Task requirements -
The lines below must be transcribed exactly as given, with the images removed.

**** Data section

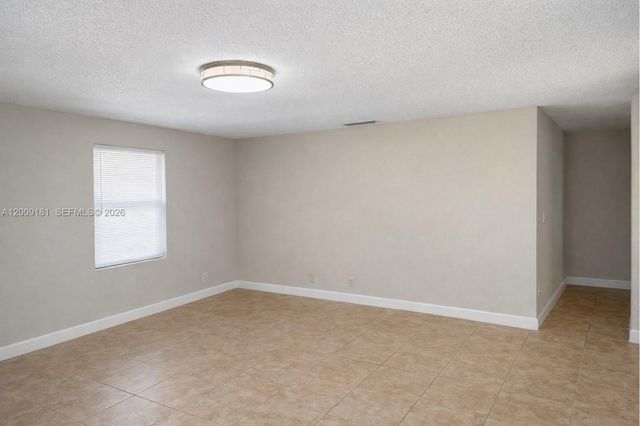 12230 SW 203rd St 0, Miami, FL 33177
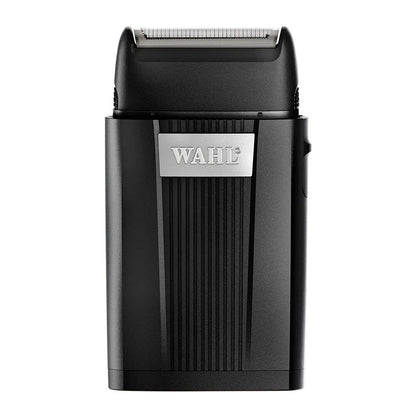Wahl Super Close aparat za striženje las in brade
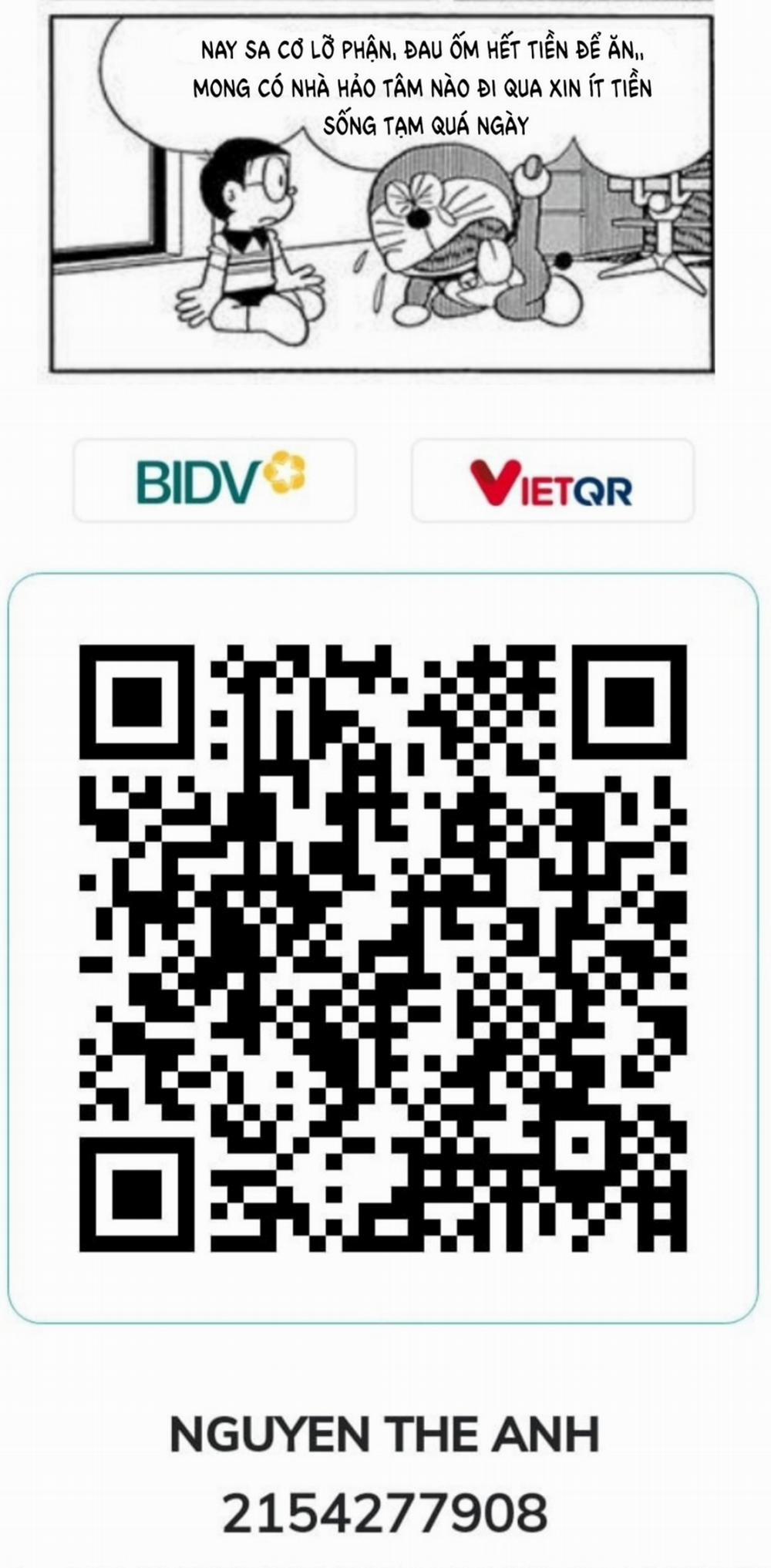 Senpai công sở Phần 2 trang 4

********

Written answer -
 12230 SW 203rd St 0, Miami, FL 33177
Wahl Super Close aparat za striženje las in brade
 Senpai công sở Phần 2 trang 4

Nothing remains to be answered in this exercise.